'''

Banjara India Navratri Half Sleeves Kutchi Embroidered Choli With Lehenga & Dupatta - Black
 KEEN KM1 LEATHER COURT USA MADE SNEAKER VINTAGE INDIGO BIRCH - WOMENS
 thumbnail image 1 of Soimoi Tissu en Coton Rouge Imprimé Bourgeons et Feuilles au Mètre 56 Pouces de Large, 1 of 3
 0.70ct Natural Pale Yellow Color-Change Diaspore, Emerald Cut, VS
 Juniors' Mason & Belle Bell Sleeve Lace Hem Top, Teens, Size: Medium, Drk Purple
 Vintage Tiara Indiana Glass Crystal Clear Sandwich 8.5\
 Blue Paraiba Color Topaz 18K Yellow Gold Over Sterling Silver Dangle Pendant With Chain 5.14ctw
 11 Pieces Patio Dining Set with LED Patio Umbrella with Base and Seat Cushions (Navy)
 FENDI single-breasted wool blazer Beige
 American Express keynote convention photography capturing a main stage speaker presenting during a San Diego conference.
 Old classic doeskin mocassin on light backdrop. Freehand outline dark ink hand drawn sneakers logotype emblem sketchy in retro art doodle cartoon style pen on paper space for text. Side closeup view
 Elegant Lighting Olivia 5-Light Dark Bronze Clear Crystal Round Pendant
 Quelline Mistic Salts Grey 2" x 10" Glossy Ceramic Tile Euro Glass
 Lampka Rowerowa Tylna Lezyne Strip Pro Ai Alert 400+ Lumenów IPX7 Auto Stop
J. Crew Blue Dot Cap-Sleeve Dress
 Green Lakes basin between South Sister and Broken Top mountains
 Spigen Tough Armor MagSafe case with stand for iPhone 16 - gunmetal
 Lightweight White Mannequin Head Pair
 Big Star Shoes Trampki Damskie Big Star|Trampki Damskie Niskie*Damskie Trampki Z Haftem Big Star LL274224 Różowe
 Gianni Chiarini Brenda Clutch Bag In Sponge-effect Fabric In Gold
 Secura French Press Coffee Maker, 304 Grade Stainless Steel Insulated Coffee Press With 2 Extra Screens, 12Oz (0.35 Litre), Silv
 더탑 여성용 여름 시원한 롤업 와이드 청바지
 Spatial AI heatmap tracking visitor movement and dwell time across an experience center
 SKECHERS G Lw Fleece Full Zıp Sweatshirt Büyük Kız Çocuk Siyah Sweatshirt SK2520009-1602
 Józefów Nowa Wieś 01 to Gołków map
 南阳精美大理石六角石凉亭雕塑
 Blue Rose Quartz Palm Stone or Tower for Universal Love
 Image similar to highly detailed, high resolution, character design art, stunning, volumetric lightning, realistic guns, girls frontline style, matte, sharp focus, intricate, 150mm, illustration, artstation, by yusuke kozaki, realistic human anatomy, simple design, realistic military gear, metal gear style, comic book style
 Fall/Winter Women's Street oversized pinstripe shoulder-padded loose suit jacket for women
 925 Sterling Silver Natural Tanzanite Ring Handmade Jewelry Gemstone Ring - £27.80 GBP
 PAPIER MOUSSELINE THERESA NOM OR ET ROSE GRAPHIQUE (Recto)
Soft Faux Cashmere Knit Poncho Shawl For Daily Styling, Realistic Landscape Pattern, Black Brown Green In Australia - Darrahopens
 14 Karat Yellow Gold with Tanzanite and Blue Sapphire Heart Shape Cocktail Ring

'''

PROBLEM DETAILS: All lines from the one with "Gianni Chiarini Brenda" to the end of the records must be set down exactly. Skip every line before it.

ANSWER SECTION:
 Gianni Chiarini Brenda Clutch Bag In Sponge-effect Fabric In Gold
 Secura French Press Coffee Maker, 304 Grade Stainless Steel Insulated Coffee Press With 2 Extra Screens, 12Oz (0.35 Litre), Silv
 더탑 여성용 여름 시원한 롤업 와이드 청바지
 Spatial AI heatmap tracking visitor movement and dwell time across an experience center
 SKECHERS G Lw Fleece Full Zıp Sweatshirt Büyük Kız Çocuk Siyah Sweatshirt SK2520009-1602
 Józefów Nowa Wieś 01 to Gołków map
 南阳精美大理石六角石凉亭雕塑
 Blue Rose Quartz Palm Stone or Tower for Universal Love
 Image similar to highly detailed, high resolution, character design art, stunning, volumetric lightning, realistic guns, girls frontline style, matte, sharp focus, intricate, 150mm, illustration, artstation, by yusuke kozaki, realistic human anatomy, simple design, realistic military gear, metal gear style, comic book style
 Fall/Winter Women's Street oversized pinstripe shoulder-padded loose suit jacket for women
 925 Sterling Silver Natural Tanzanite Ring Handmade Jewelry Gemstone Ring - £27.80 GBP
 PAPIER MOUSSELINE THERESA NOM OR ET ROSE GRAPHIQUE (Recto)
Soft Faux Cashmere Knit Poncho Shawl For Daily Styling, Realistic Landscape Pattern, Black Brown Green In Australia - Darrahopens
 14 Karat Yellow Gold with Tanzanite and Blue Sapphire Heart Shape Cocktail Ring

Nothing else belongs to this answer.